PROVIDED DATA:
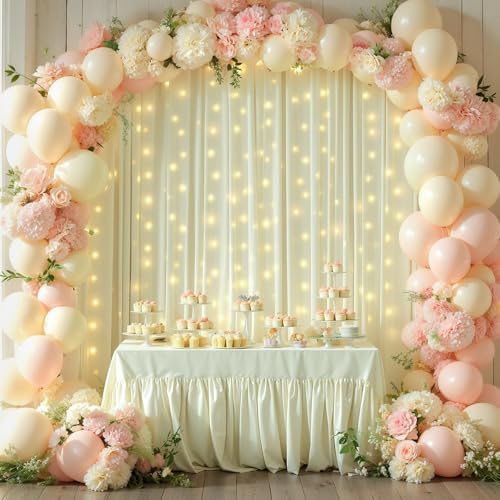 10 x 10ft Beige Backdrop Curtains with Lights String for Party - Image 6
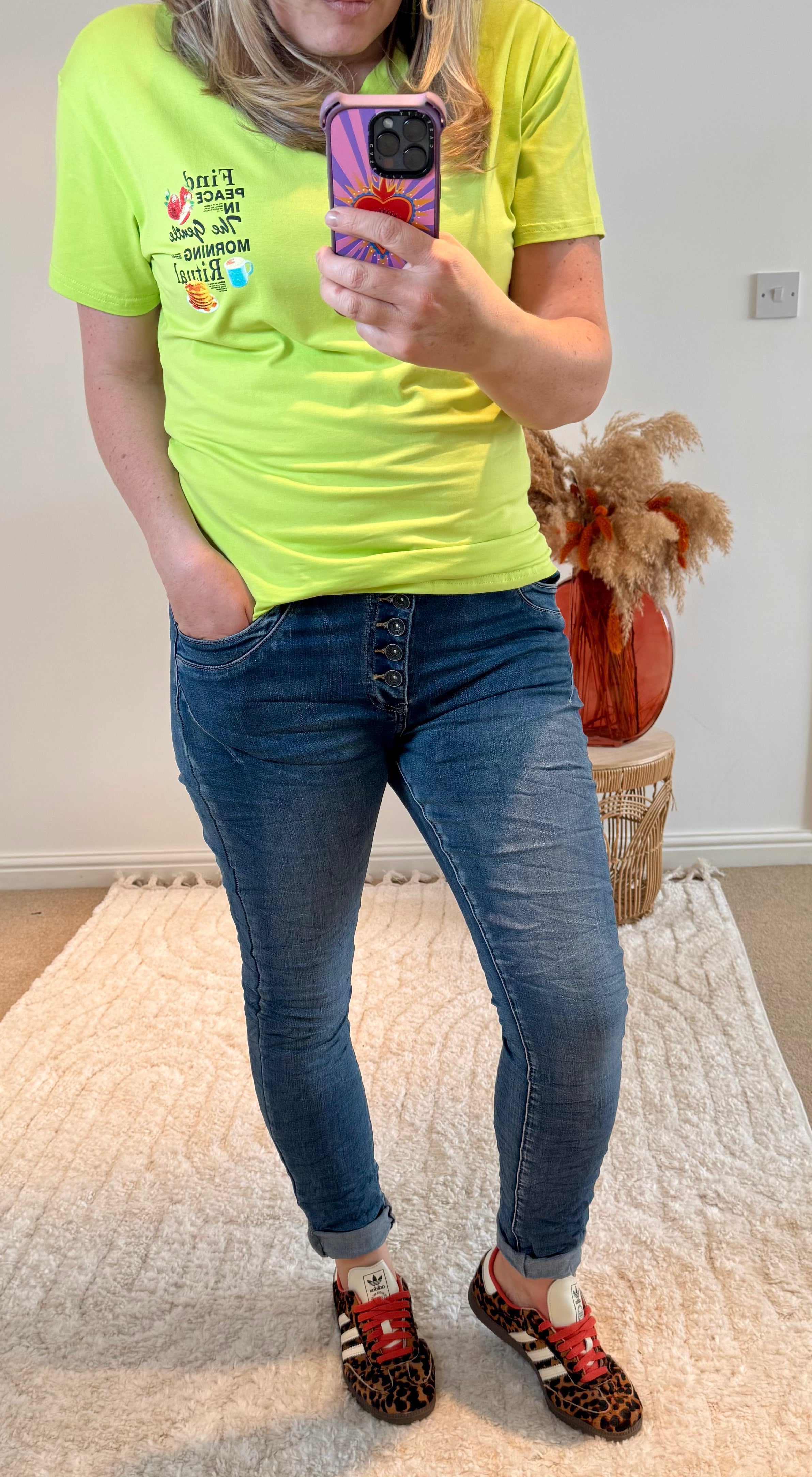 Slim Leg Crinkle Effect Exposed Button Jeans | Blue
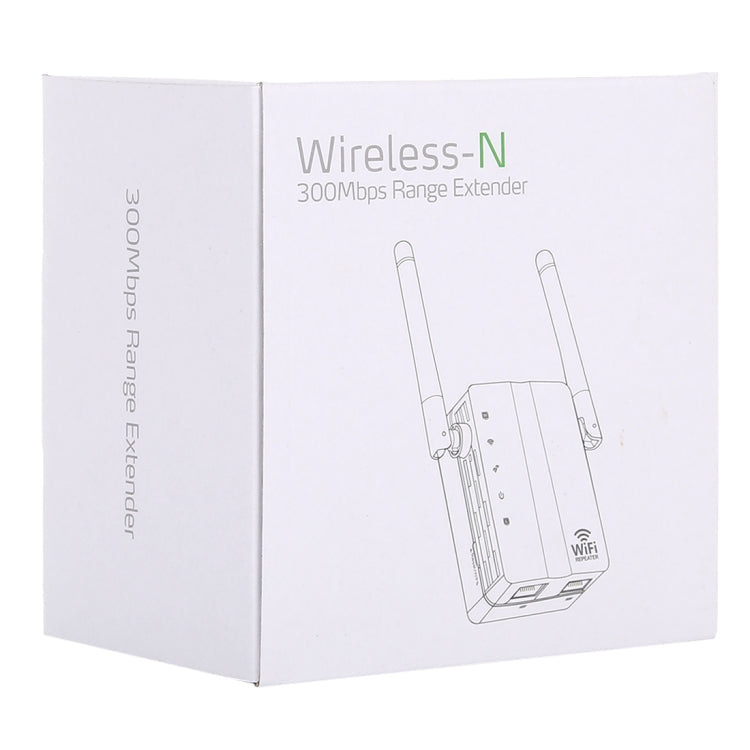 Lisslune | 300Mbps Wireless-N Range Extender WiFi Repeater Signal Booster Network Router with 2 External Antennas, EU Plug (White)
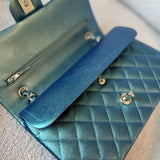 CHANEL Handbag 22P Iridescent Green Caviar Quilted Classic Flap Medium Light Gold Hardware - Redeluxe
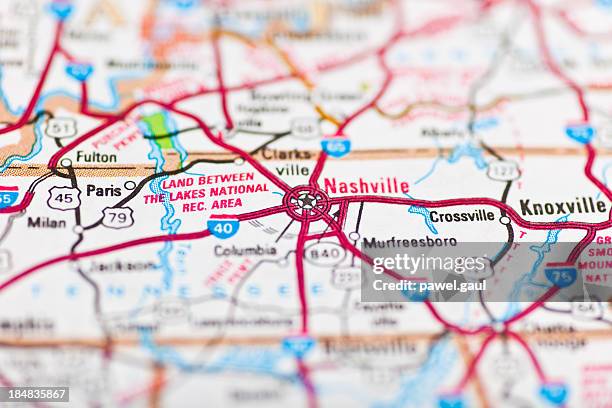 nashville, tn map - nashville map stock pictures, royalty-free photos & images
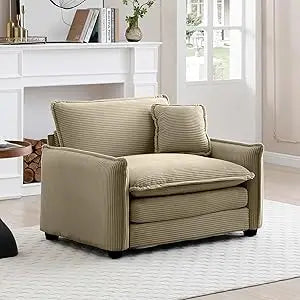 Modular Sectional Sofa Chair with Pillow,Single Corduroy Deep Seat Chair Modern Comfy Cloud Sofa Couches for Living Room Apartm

EXERCISE PROMPT: A verbatim copy of the data, pictures removed, is the expected result.

WRITTEN SOLUTION:
 10 x 10ft Beige Backdrop Curtains with Lights String for Party - Image 6
 Slim Leg Crinkle Effect Exposed Button Jeans | Blue
 Lisslune | 300Mbps Wireless-N Range Extender WiFi Repeater Signal Booster Network Router with 2 External Antennas, EU Plug (White)
 CHANEL Handbag 22P Iridescent Green Caviar Quilted Classic Flap Medium Light Gold Hardware - Redeluxe
 nashville, tn map - nashville map stock pictures, royalty-free photos & images
 Modular Sectional Sofa Chair with Pillow,Single Corduroy Deep Seat Chair Modern Comfy Cloud Sofa Couches for Living Room Apartm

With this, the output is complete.